Only 20% of companies maintain traditional defined benefit pension plans (“DB Plans”). More than 40% of companies provided these DB plans 20 years ago. Outlined below are the main reasons why companies continue to sponsor these plans at all:
1. DB Plans are the best retirement plan for employees. Employers who really care about their employees will want them to retire after a long career with retirement benefits that replace a substantial percentage of their income. DB Plans are almost always fully funded by the employer, without investment risk to the employee and provide monthly benefits that are paid for the life of the employee.
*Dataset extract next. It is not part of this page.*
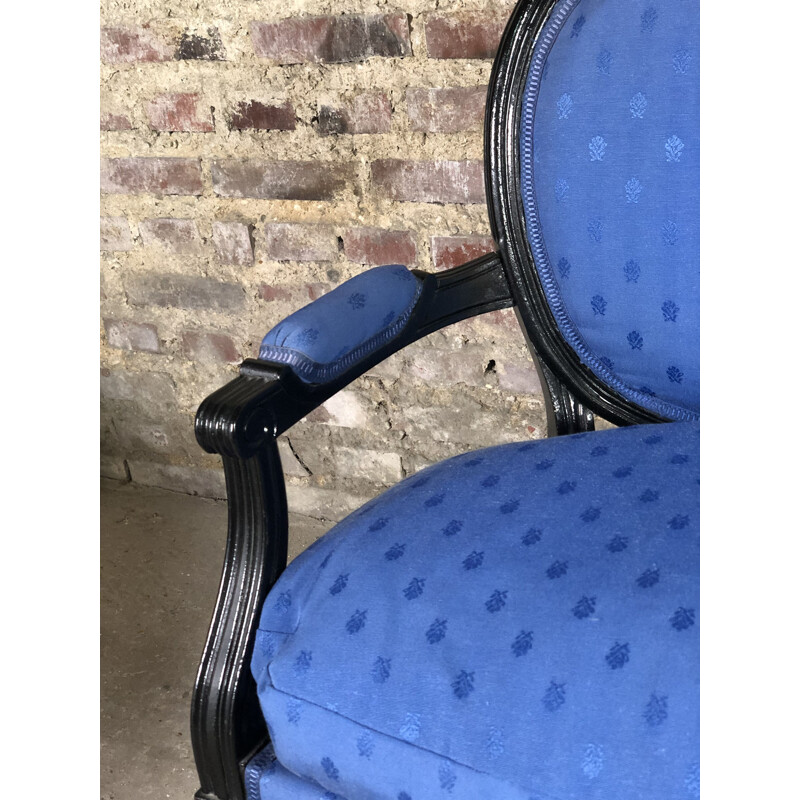 Vintage Louis XVI style black wood and blue fabric sofa, 1940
The typical 401(k) plans that have replaced DB Plans are almost the complete opposite. They shift the investment and longevity risks from the employer to the employee, require significant employee contributions to receive employer contributions and provide benefits that hard to predict.
2. Employers want job opportunities for young, talented employees. DB Plans provide adequate retirement income for older, career workers so they can voluntarily retire. These retirements provide promotion or recruitment opportunities for young and, usually, more technologically advanced workers. As currently being experienced, few career employees with 401(k) plans can afford to retire. Because the Age Discrimination in Employment Act (ADEA) forbids age discrimination against people who are age 40 or older, employers find it hard to document performance issues that will allow them to terminate the employment of older workers.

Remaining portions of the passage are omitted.